Certainly a non-compete contract is only between the company and employee who sign the contract. However, the purpose of such a contract is to prevent another business from gaining the past clients and services of the salon/employee who agreed to non-compete. You indicate that there was a lawsuit between the "old salon" (the one you say you only went to over 8 years ago only once) and the "new salon" (the one you currently go to). You indicate that the court judgment says that the new salon cannot see any clients from the past salon.
If the new salon has told you they cannot see you because of this judgment (which is what it seems you are saying) then it is not the other salon controlling or preventing a client such as you, but it may just be the new salon's way of avoiding any further litigation. Based on what you describe has been your salon experience it may be that the new salon can make a good case that the judgment may not apply to you, but whether they want to spend the time or money necessary to reach such an agreement with the old salon or go through court to fine tune who is or who is not a former client at the old salon is up to them. The effect may be that the new salon denies serving any person who may lead to future litigation, and a business can deny service to anyone. It may feel as if the non-compete contract is at fault, but it may just be a business decision due to the desire to avoid future litigation and the new salon's choice.
It may be possible for you to get more information to see if there is any clear definition of who is or is not considered a client of the old salon from your new salon. Normally court judgments or such settlements should provide clear definitions of who such a decision applies to. Also, sometimes employees in a business may not fully understand what they need to do to adhere to a court judgment or law, so you may want to see if the management or owners can help you better understand what they mean.

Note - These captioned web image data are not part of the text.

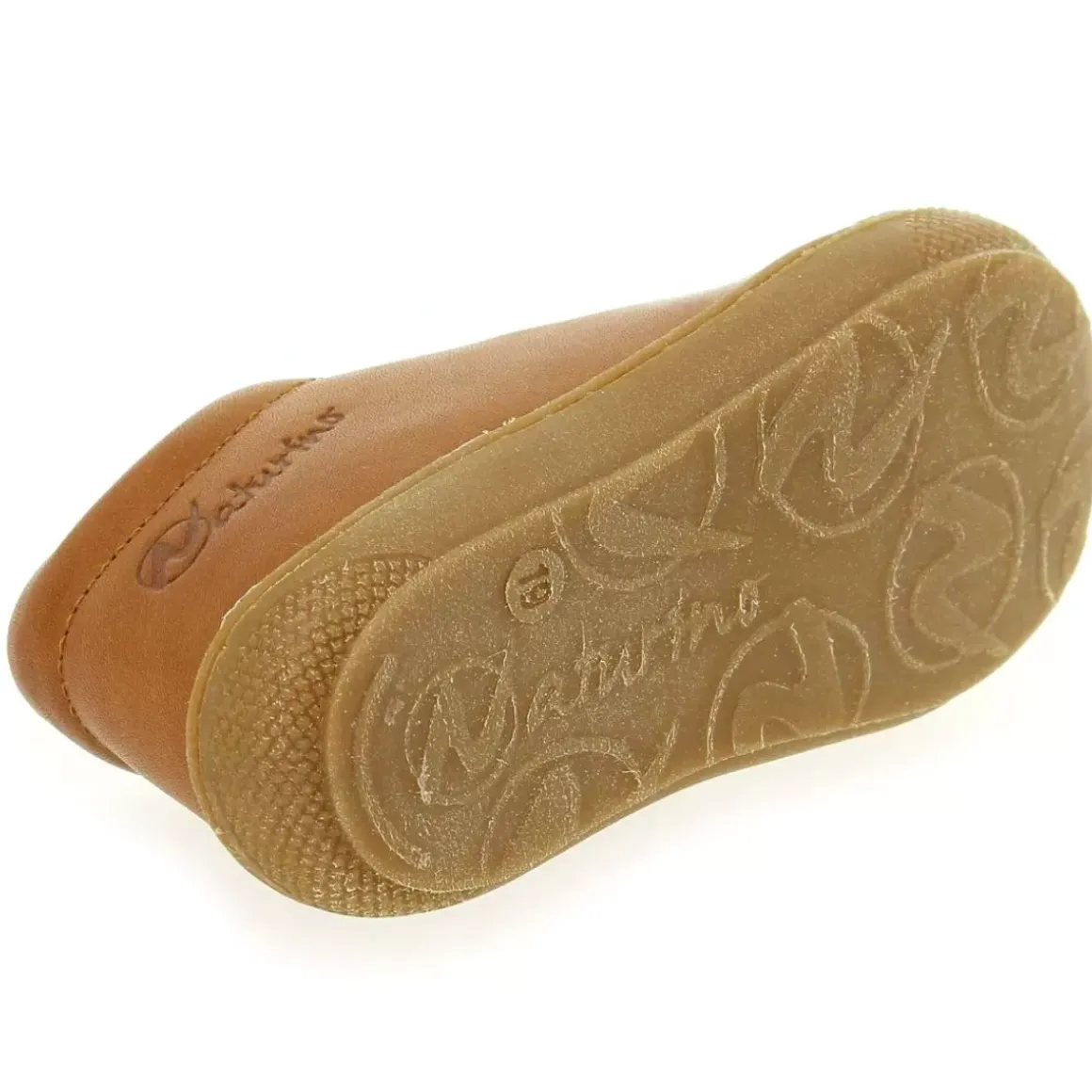 Cocoon - Cognac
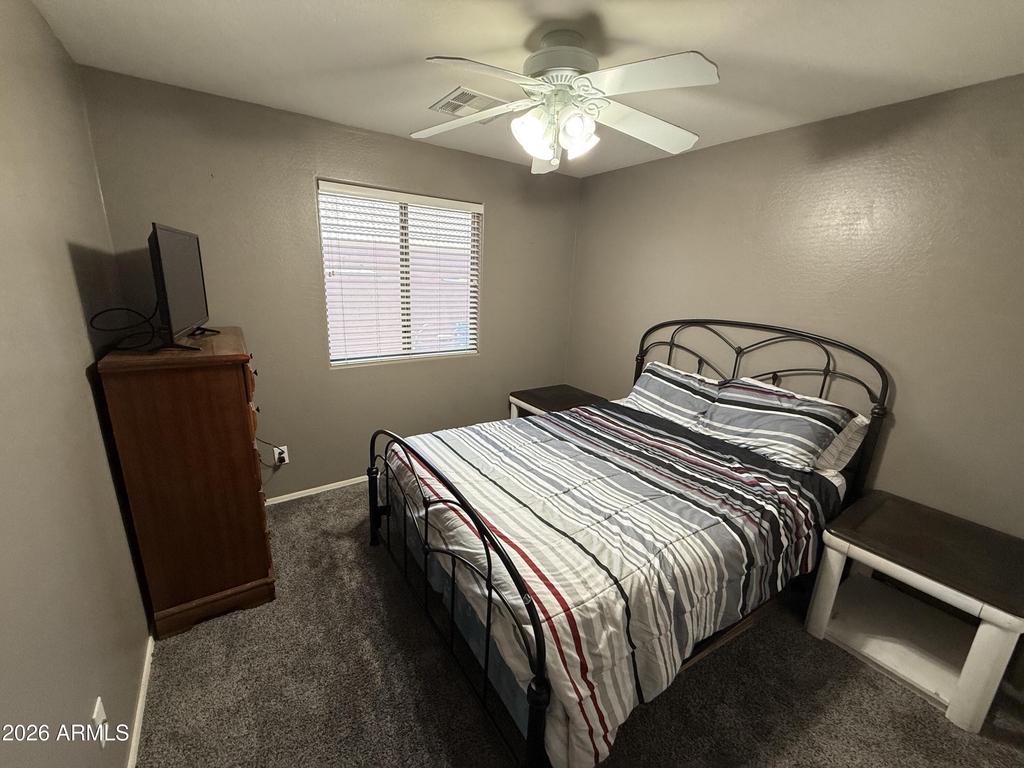 5943 S 248th Drive - Photo 19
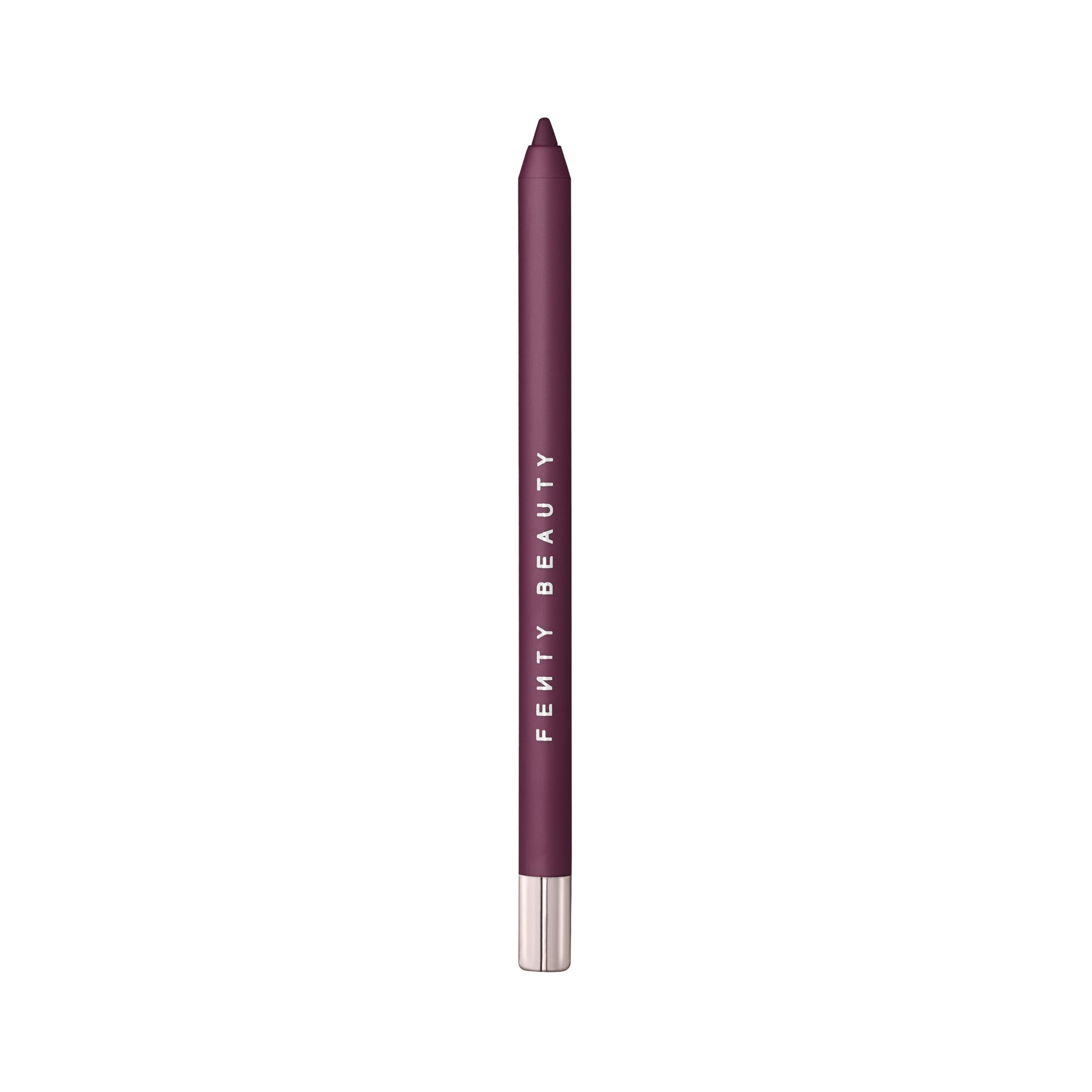Trace'd Out Pencil Lip Liner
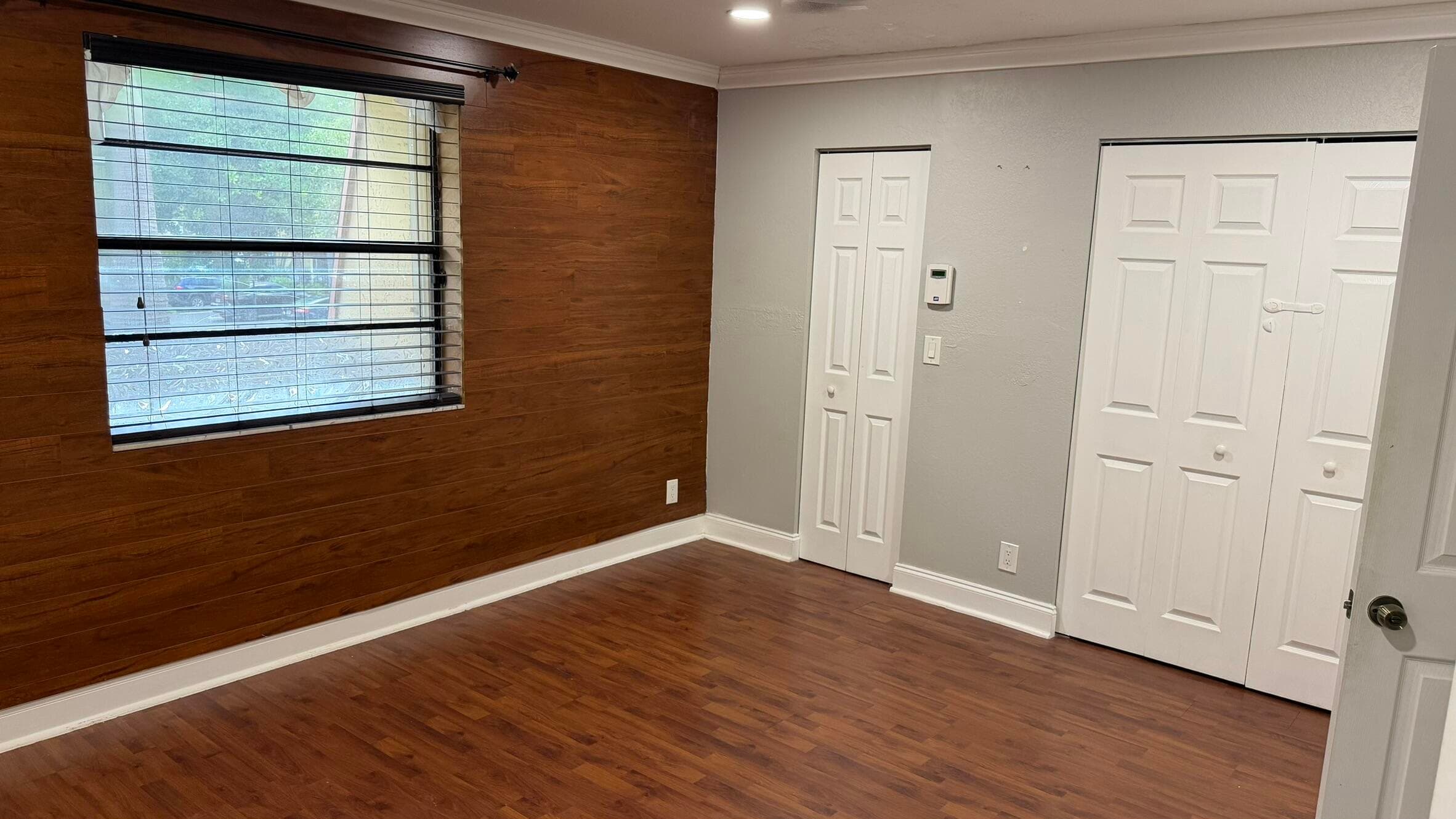 1114 NW 79th Drive, Plantation, FL 33322 — photo 21 of 25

Thank you for the additional information.
As your added information indicates, there is a difference of opinion on who or what is meant by any contract term. That, sadly, is more common than it should be in contracts.
It seems from what you describe that the old salon B (to use your names) is claiming that a person who visited their salon B once, some eight years ago, and who has not returned since and has been a client of salon A well before the stylist who used to work for salon B started working for salon A still counts as a Salon B client. Certainly, as a consumer you may want to try to file your own suit for a declaratory judgment that indicates seeing a salon once does not make a person a client subject to the contract - but that would be at your cost, of course. It may also be possible for you to join a current action, such as the one for contempt, so you can speak at court as to your own situation. That, of course, will need to be discussed with salon A's attorney. Without the language used in the contract or in the court decisions, however, it is difficult to provide any other information.
That is a trickier question. A non-compete is contract between only two parties, and both of them freely enter into the agreement. That its effects will be felt by others is not the purpose of the agreement, so while you present a clear situation in which your personal interests are affected, that alone may not be enough to do away with a type of agreement which courts have routinely found fair and legal for general purposes. Other than the direct actions I explained above I am not aware of any consumer protection ways to work through such effects, for, if they existed then the value of such contracts would be weakened. You may, however, speak with your state's Bureau of Consumer Protection, here, to see if your state offers some specific consumer protection laws to assist.